If the mission succeeds, the spacecraft will have an “up close and personal view of the sun,” NASA said, and it would enable scientists to better understand, characterise and forecast the radiation environment for future space explorers.

Dick Fisher, director of NASA’s Heliophysics Division, said, “The experiments selected for Solar Probe Plus are specifically designed to solve two key questions of solar physics — why is the sun's outer atmosphere so much hotter than the sun’s visible surface and what propels the solar wind that affects Earth and our solar system?" He added that scientists had struggled with such questions for decades and this mission would finally provide answers.

In particular, NASA noted that a mission to provide such measurements was first recommended in 1958 by the National Academy of Science’s “Simpson Committee", and since then NASA had conducted several studies of possible implementations of a Solar Probe mission.

Five science investigations

To make this historic project a reality, NASA said it had selected five science investigations from a 2009 list of proposals that it had called for.
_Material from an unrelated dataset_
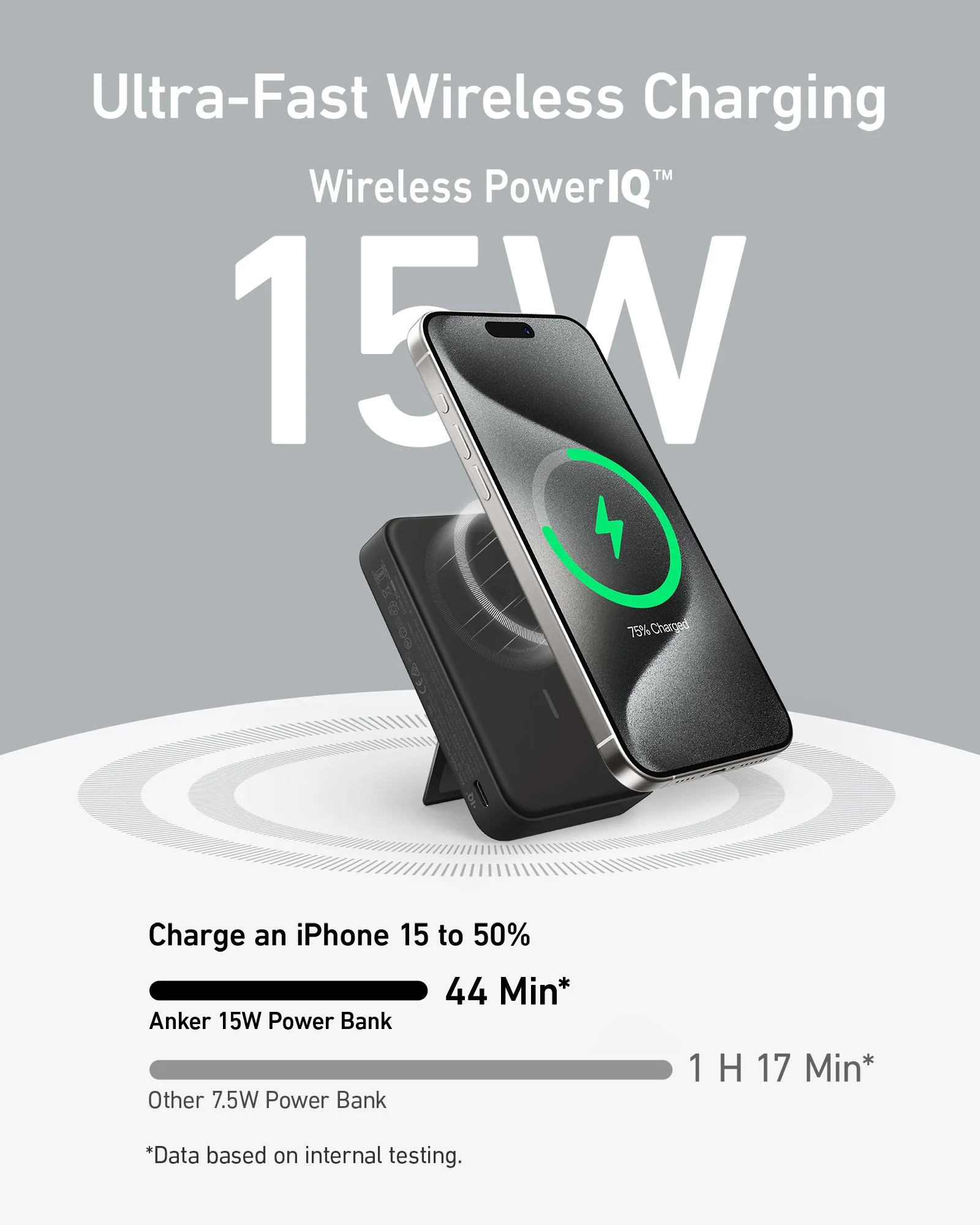 پاوربانک مگ سیف 10000 میلی آمپر انکر Anker MagGo Power Bank 10K A1654 - Image 4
The space agency said the total dollar amount for the five selected investigations was approximately $180 million for preliminary analysis, design, development and tests.

Among the selected proposals were studies that proposed to examine particles in solar wind, telescopes designed to make three dimensional images of the sun’s corona, and projects that sought to measure energy fields, radio emissions, and shock waves in the sun’s atmospheric plasma.

An Indian-American scientist on the Solar Probe Plus team, Madhulika Guhathakurta, said, "This project allows humanity's ingenuity to go where no spacecraft has ever gone before... For the very first time, we'll be able to touch, taste and smell our sun."

NASA noted that the Solar Probe Plus mission was part of its "Living with a Star" programme, designed to understand aspects of the sun’s and Earth’s space environment that affected life and society.